But at the same time, the researchers pointed out a troubling dearth of available data on the program. With the little information they were able to access, they found that people who left the program had at least a 40% chance of returning to homelessness.

Project Roomkey, one of Gov. Gavin Newsom’s signature pandemic initiatives, temporarily moved about 62,000 homeless Californians into hotel rooms in an effort to prevent them from catching COVID. The model, which provided residents with their own private room and bathroom, as well as (in some cases) healthcare and other services, was a world apart from traditional shelters where dozens of people sleep together in a room and services are limited.

The independent evaluation of the program, released Monday evening, says Roomkey succeeded in saving lives while also shifting the way the state thinks about homeless shelters.

“I believe the program was successful and I believe it has a further reach beyond just what happened during the program itself, because many communities and many providers have seen the value of this type of program and are trying to continue with it,” said Nichole Fiore, a principal associate with research firm Abt Global who co-authored the report. The report was funded by the California Health Care Foundation and the Conrad N. Hilton Foundation.

But the researchers acknowledged large holes in the accessible state and local data. For example, they couldn’t cross-reference death records or information about participants’ health, meaning they had no way to prove Roomkey prevented deaths or kept people healthier.

Initial responses to public records requests filed by CalMatters revealed dozens of deaths in Roomkey programs spread across the state.

In Ventura County, 32 people died in Roomkey hotel rooms, the majority “due to health conditions and COVID related,” said Jennifer Harkey, program director of the Ventura County Continuum of Care.
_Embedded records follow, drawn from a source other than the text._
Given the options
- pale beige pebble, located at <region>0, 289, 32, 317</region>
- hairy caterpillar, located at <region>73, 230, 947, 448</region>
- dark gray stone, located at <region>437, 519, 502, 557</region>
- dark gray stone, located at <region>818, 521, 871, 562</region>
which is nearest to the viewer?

Twelve people died in San Diego County, eight in Tulare County and seven elderly people in Riverside County, officials told CalMatters.

Still, officials say the individual hotel rooms saved many more people from the more hazardous alternatives of staying on the street or crowding into traditional group shelters.
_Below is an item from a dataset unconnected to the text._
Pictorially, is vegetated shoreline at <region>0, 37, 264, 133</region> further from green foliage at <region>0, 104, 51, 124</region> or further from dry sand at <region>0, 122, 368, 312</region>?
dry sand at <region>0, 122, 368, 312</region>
“This has been a highly successful program by offering safety and stability to highly vulnerable unsheltered people,” Harkey told CalMatters in a statement. “This has proven that non-congregate shelter is a model we need to continue in our community.”

In addition, though many program operators tried to move people into permanent housing as COVID vaccines were released and Roomkey hotels closed, they succeeded less than a quarter of the time.

Did Project Roomkey End People’s Homelessness?

Project Roomkey launched in March 2020 and was most heavily used between April 2020 and June 2021. It primarily accepted residents who were considered particularly vulnerable to COVID because they were 65 and older or had medical conditions such as asthma, diabetes or heart conditions.

It started as a hastily-deployed health program — its primary goal was to prevent people from dying of COVID-19, not to permanently end their homelessness. At the outset, both state and local officials expected it would operate for just a few months. As the pandemic dragged on and the hotels stayed open much longer than anticipated, many counties began trying to move Roomkey participants into permanent housing.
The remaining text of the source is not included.